I got into the hobby 2-3 years ago with my Fluval Edge and haven't really gone as far as adding some plants here and there. Over time my tank has started to look boring and outdated. So, I need help and suggestions with planning my new aquascape. 

I have been looking into Iwagumi style scapes and love the simple aesthetic, but I have a few questions regarding the possible limitations with my current setup. I have a Fluval Edge (6g) w/ the "upgraded" 42 LED light that usually comes with the 12g Fluval Edge. I do not have any CO2 setup but my friend has a Fluval Mini CO2 system that he isn't using that he's willing to give me to start. I have also read up on creating a DIY Paintball system but I'm having a hard figuring out what parts I need and getting around the expensive regulators.

I would like to have a nice carpeting plant but HC seems out of my tanks league with the semi-stock light but Monte Carlo was recommended a few times. Anyone have any other suggestions for carpeting plants? I currently use Fluval Stratum as my substrate and I'm wondering if I should stick with it or change to something else that will help benefit my plants more. Is it a requirement to use nutrients/fertilizers, if so what should I be looking into?
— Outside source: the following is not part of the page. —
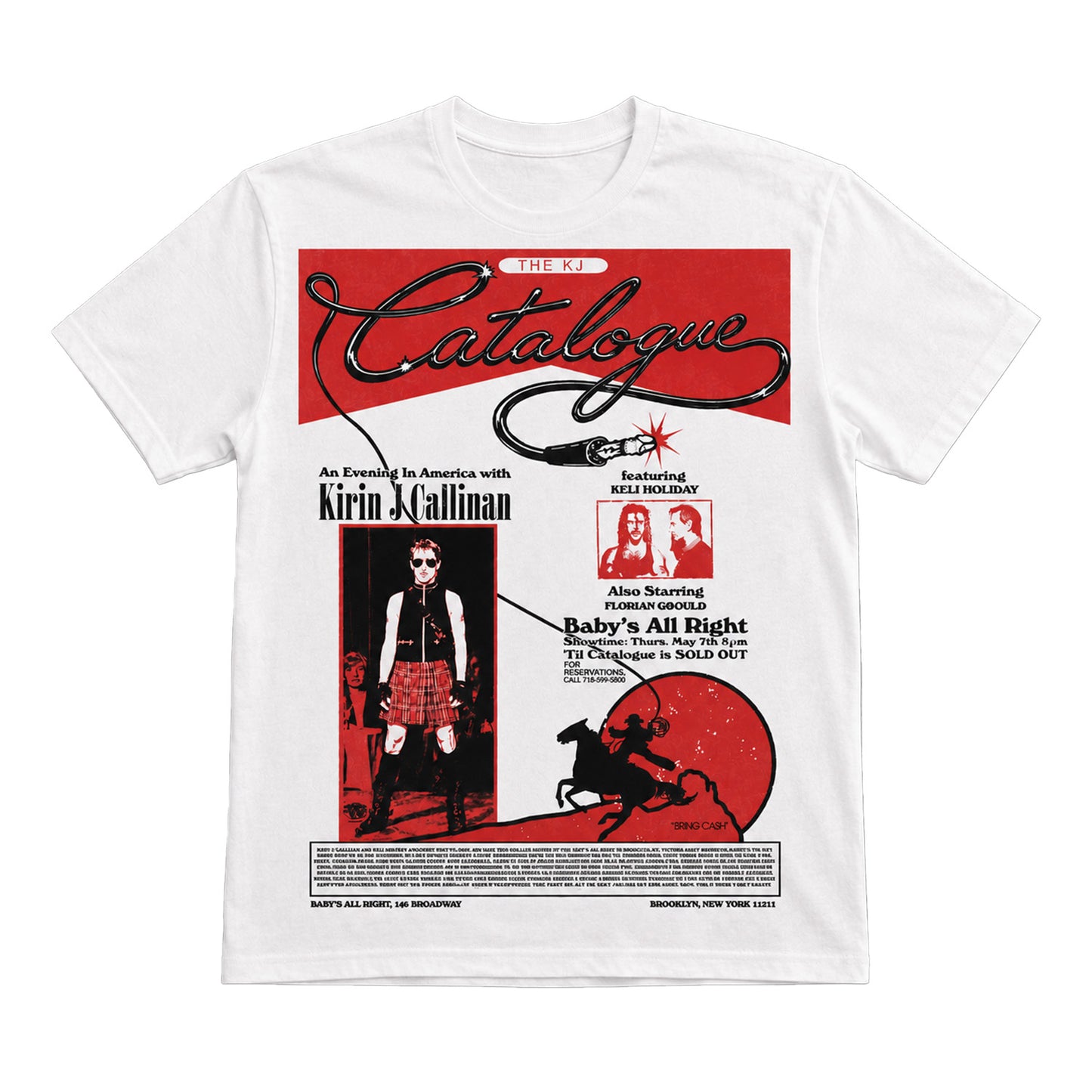 KJ Cataloguen Cig Tee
Thanks for taking the time to help me out!

TL;DR

Looking to redo Fluval Edge (6g), currently have a 42 LED light taken from a 12g Fluval Edge and I'm using Fluval Stratum substrate. Looking for info/suggestions on the following:

Limitations using with my current setup (tank, lighting, substrate, possibility of CO2, use of nutrients/fertilizers)
Any tips or info regarding a DIY Paintball CO2 System (Any suggestions for "cheap regulators")
What kind of carpeting plant I should look into (Is it possible to grow HC or Monte Carlo?)


----------